_DATA LISTING_:
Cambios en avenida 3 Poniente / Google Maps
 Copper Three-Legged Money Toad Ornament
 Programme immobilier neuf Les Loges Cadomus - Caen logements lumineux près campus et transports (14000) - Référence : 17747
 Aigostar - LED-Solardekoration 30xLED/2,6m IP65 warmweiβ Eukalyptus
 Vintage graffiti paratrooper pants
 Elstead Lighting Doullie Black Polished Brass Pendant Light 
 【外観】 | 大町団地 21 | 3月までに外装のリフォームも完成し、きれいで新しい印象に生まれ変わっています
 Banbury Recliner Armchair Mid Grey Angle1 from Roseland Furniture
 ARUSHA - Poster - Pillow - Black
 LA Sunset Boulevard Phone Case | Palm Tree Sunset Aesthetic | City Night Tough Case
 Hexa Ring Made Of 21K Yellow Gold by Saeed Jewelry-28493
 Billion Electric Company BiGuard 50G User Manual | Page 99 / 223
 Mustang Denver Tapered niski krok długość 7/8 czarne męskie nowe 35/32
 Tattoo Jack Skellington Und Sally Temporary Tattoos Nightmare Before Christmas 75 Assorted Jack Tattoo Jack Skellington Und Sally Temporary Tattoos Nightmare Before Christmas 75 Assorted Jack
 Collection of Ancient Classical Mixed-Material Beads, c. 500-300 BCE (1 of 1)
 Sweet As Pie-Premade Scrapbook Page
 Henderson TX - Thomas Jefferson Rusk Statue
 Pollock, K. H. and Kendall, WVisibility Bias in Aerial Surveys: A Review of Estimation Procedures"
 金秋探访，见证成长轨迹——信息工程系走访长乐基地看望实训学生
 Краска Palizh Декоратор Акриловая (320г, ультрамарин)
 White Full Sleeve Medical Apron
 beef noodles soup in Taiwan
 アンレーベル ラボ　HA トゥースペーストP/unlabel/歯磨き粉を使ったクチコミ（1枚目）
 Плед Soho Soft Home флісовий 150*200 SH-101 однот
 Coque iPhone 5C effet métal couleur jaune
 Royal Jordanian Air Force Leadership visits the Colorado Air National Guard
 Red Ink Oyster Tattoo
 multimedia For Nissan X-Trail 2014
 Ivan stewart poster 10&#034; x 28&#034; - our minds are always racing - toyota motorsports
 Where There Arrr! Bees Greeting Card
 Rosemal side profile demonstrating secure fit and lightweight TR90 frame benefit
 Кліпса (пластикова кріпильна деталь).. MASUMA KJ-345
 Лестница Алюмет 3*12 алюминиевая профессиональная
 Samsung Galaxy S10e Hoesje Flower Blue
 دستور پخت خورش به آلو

_EXERCISE DETAILS_:
Repeat the material in full, exactly as written.

_ANSWER FOR THE TASK_:
Cambios en avenida 3 Poniente / Google Maps
 Copper Three-Legged Money Toad Ornament
 Programme immobilier neuf Les Loges Cadomus - Caen logements lumineux près campus et transports (14000) - Référence : 17747
 Aigostar - LED-Solardekoration 30xLED/2,6m IP65 warmweiβ Eukalyptus
 Vintage graffiti paratrooper pants
 Elstead Lighting Doullie Black Polished Brass Pendant Light 
 【外観】 | 大町団地 21 | 3月までに外装のリフォームも完成し、きれいで新しい印象に生まれ変わっています
 Banbury Recliner Armchair Mid Grey Angle1 from Roseland Furniture
 ARUSHA - Poster - Pillow - Black
 LA Sunset Boulevard Phone Case | Palm Tree Sunset Aesthetic | City Night Tough Case
 Hexa Ring Made Of 21K Yellow Gold by Saeed Jewelry-28493
 Billion Electric Company BiGuard 50G User Manual | Page 99 / 223
 Mustang Denver Tapered niski krok długość 7/8 czarne męskie nowe 35/32
 Tattoo Jack Skellington Und Sally Temporary Tattoos Nightmare Before Christmas 75 Assorted Jack Tattoo Jack Skellington Und Sally Temporary Tattoos Nightmare Before Christmas 75 Assorted Jack
 Collection of Ancient Classical Mixed-Material Beads, c. 500-300 BCE (1 of 1)
 Sweet As Pie-Premade Scrapbook Page
 Henderson TX - Thomas Jefferson Rusk Statue
 Pollock, K. H. and Kendall, WVisibility Bias in Aerial Surveys: A Review of Estimation Procedures"
 金秋探访，见证成长轨迹——信息工程系走访长乐基地看望实训学生
 Краска Palizh Декоратор Акриловая (320г, ультрамарин)
 White Full Sleeve Medical Apron
 beef noodles soup in Taiwan
 アンレーベル ラボ　HA トゥースペーストP/unlabel/歯磨き粉を使ったクチコミ（1枚目）
 Плед Soho Soft Home флісовий 150*200 SH-101 однот
 Coque iPhone 5C effet métal couleur jaune
 Royal Jordanian Air Force Leadership visits the Colorado Air National Guard
 Red Ink Oyster Tattoo
 multimedia For Nissan X-Trail 2014
 Ivan stewart poster 10&#034; x 28&#034; - our minds are always racing - toyota motorsports
 Where There Arrr! Bees Greeting Card
 Rosemal side profile demonstrating secure fit and lightweight TR90 frame benefit
 Кліпса (пластикова кріпильна деталь).. MASUMA KJ-345
 Лестница Алюмет 3*12 алюминиевая профессиональная
 Samsung Galaxy S10e Hoesje Flower Blue
 دستور پخت خورش به آلو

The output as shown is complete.